What's even more extraordinary than their actually trying this on is the fact that a cursory glance at this morning's news stand shows they were largely successful. Honorable exceptions were the Telegraph and the Guardian, clearly confused whether to go with Blair or BAE. I suppose I should have known better. Ten years after her death, the lady still shifts papers more effectively than the potential undermining of British democracy.

Anonymous said...

I'm sorry, but it wasn't just 'Knacker of the Yard' turning up at No. 10.: I have thought for sometime that Ian 'I'll sign anything put in front me' McCartney will take the fall within the Labour Party.

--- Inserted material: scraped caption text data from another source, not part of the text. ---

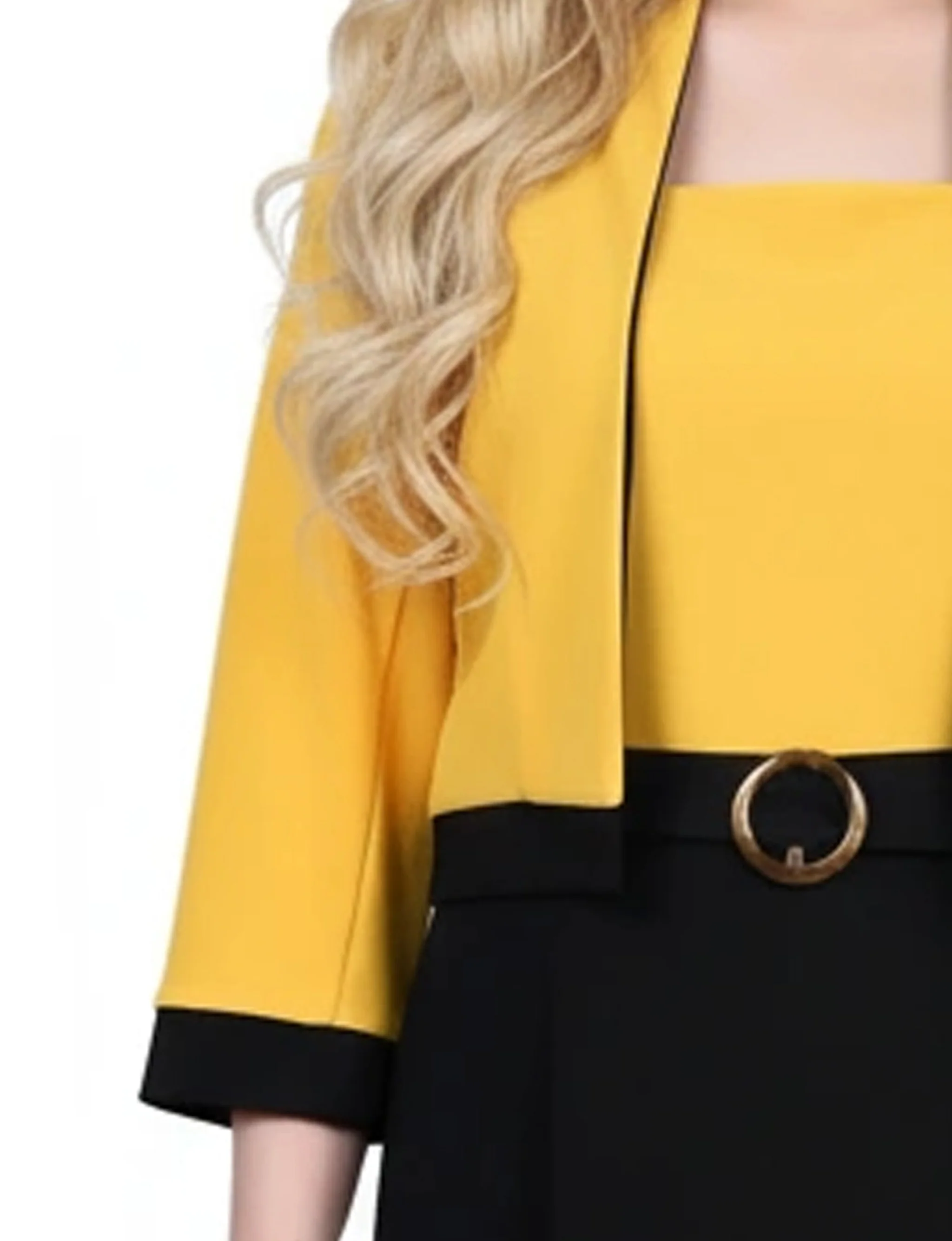 NY Collection Petite 3/4 Sleeve 2 Piece Colorblocked Dress Set - Image 2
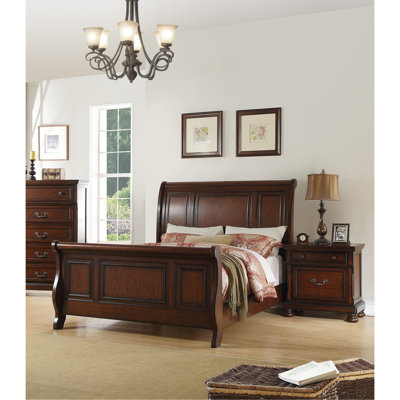 Traditional 3pc Set Cal King Size Bed 2x Nightstands Panel Headboard Footboard Antique Cherry Bedroom Furniture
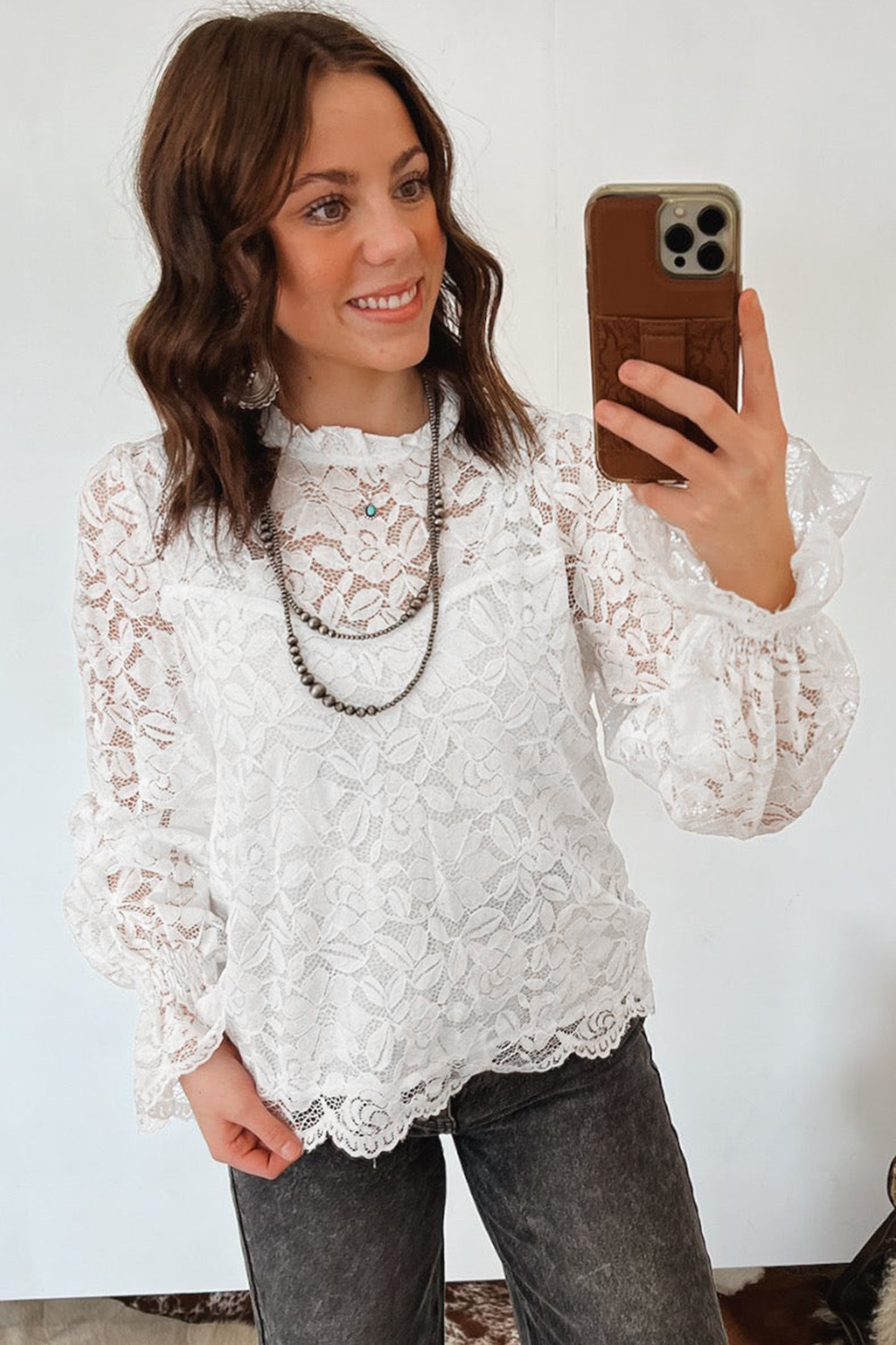 White Ruffled Round Neck Long Flounce Sleeve Sheer Lace Blouse-Tops/Blouses & Shirts-[Adult]-[Female]-2022 Online Blue Zone Planet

It was also used to bury the BAE/Saudi aircraft deal. I was actually watching the Parliament TV channel (yes I am that sad that I put it on when five minutes of adverts start on a commercial channel) when Alstair Darling was kicked into touch by Mike O'Brien making the 'covering' statement for Lord 'I'll agree to anything, just as long you put it in writing, Tony' Goldsmith was doing his turn in the Lords

James Higham said...

Not jsut spin, not just cynical opportunism but spitting in the face of the public. I always believed Blair was like this from the conference immediately prior to his accession but now it's stunning how it's not even cleverly done. They simply don't care any more.

Anonymous said...

If Trevor was so clever, why didn't he write it then?? Not exactly a doyen would you say Paul?

Anonymous said...

On reflection, I start to wonder if they haven't been extraordinarily subtle. There has been so much comment about media manipulation, which actually interests very few people, and not enough about the Blair questioning and BAe. Did they deliberatley create a burial story in order to bury bad news?

Anonymous said...

Anonymous

I think you make my point for me. If Trevor K had genuinely believed that Blair would actually do this, he'd have written the story. But like me, I suspect that he didn't really think the Government would sink quite that low.

The comment "we all guessed weeks ago that this would be the perfect day etc" makes it sound to me like the whole thing was a joke that went round the press bar one evening. Of course, many a true word is spoken in jest.